Désormais, on peut carrément jeter le dossier aux oubliettes. Le nouveau ministre de l’Aménagement du territoire, Philippe Henry, n’y est pas favorable. Il compte demander un complément d’enquête permettant d’identifier d’autres terrains où l’habitat est possible à Louvain-la-Neuve.

Tout comme Christian Radelet, Philippe Henry estime que construire ces logements de l’autre côté de l’autoroute E 411 n’est pas la meilleure solution et que d’autres pistes doivent être envisagées. L’objectif serait alors d’utiliser les terrains les plus proches de la gare RER.

Le bourgmestre de Chaumont-Gistoux, lui, a accueilli la nouvelle d’un très bon œil. “On ne va certainement pas bouder notre plaisir , commente Luc Decorte.
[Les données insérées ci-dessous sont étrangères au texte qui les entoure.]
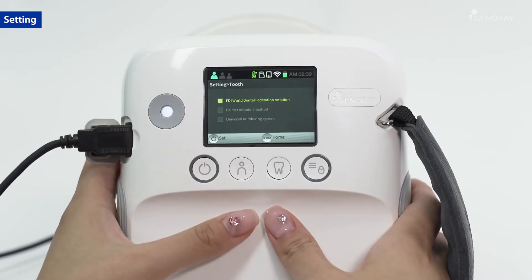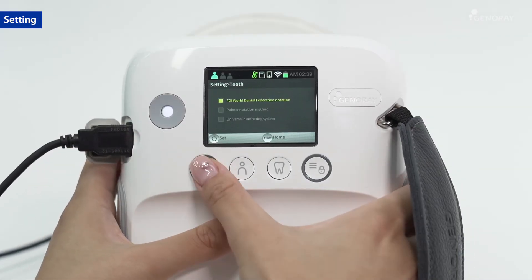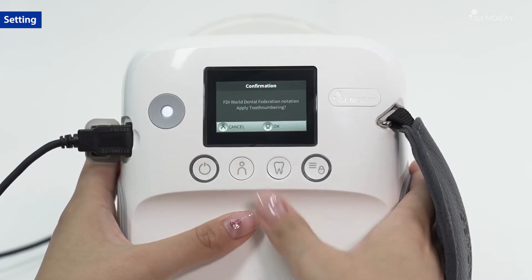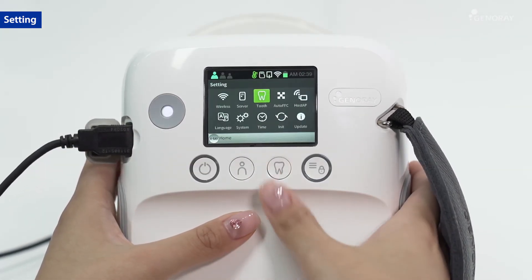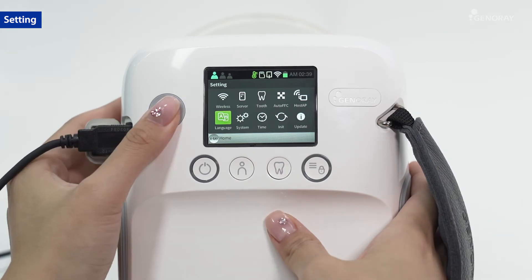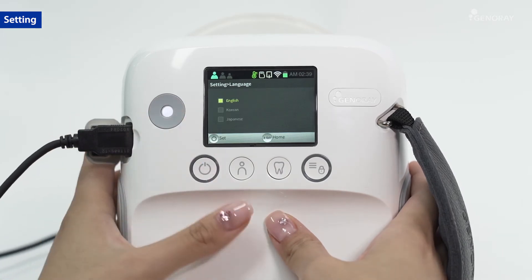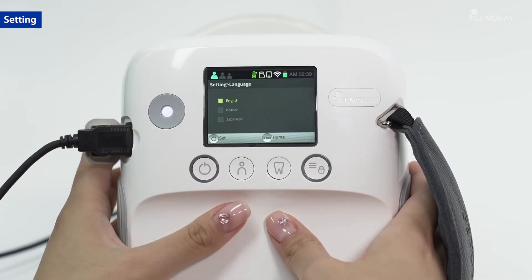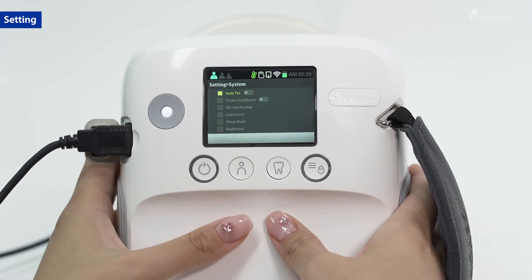You can choose your preferred tooth numbering system. Language can be set to English, Korean, and Japanese. Set up other system options as needed.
Cela signifie que les remarques du collège n’étaient pas sans fondement. Notre objectif n’est pas de faire dormir les gens à Chaumont mais de les y faire vivre.”

Selon le maïeur, les Néochaumontois auraient été réfrenés à l’idée de rejoindre LLN à cause de la barrière E411-N4. Et la majorité des nouveaux habitants auraient été Bruxellois. “Cela n’aurait pas réglé le problème de la pression foncière. Bien sûr, on aurait pu jouer les hypocrites et défendre le projet en sachant que l’on toucherait plus d’impôts. Mais cela n’est pas notre philosophie.

Dès les prémisses du dossier, il avait fait part de ses inquiétudes. “Quand je suis arrivé au pouvoir, les équipements communautaires n’étaient pas adaptés à la commune, notamment dans le domaine de l’accueil de l’enfance. J’ai donc mis un frein à la croissance démographique galopante. Ce n’était certainement pas pour accepter Chaumont-le-Neuf aujourd’hui.”

La révision du plan de secteur va toutefois se poursuivre. Dans le futur, la zone concernée pourrait accueillir des infrastructures communautaires ou un parc d’activité économique.

L’UCL, quant à elle, doit se chercher un nouveau terrain pour construire ces logements.